▶ [THE TASK]
Starting at the top of the entries below, set down every line exactly, please, until you reach the line with "Oida! – Graffiti", which is included too.

________________

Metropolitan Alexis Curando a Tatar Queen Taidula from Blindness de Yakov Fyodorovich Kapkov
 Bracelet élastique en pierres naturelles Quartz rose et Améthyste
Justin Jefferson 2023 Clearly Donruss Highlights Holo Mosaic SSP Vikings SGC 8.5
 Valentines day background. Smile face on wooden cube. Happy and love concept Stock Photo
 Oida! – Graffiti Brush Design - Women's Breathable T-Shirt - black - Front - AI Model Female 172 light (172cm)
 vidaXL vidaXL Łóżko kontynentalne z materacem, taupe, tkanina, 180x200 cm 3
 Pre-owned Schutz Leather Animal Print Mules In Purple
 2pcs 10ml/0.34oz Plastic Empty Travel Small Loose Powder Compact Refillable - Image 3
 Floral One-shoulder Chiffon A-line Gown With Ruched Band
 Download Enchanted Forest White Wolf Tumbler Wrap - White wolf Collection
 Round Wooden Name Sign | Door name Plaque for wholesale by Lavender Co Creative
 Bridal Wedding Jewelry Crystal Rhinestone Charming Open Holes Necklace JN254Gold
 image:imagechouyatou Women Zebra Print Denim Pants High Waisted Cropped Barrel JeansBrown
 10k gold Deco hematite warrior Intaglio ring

________________

▶ [RESPONSE FOR THIS EXERCISE]
Metropolitan Alexis Curando a Tatar Queen Taidula from Blindness de Yakov Fyodorovich Kapkov
 Bracelet élastique en pierres naturelles Quartz rose et Améthyste
Justin Jefferson 2023 Clearly Donruss Highlights Holo Mosaic SSP Vikings SGC 8.5
 Valentines day background. Smile face on wooden cube. Happy and love concept Stock Photo
 Oida! – Graffiti Brush Design - Women's Breathable T-Shirt - black - Front - AI Model Female 172 light (172cm)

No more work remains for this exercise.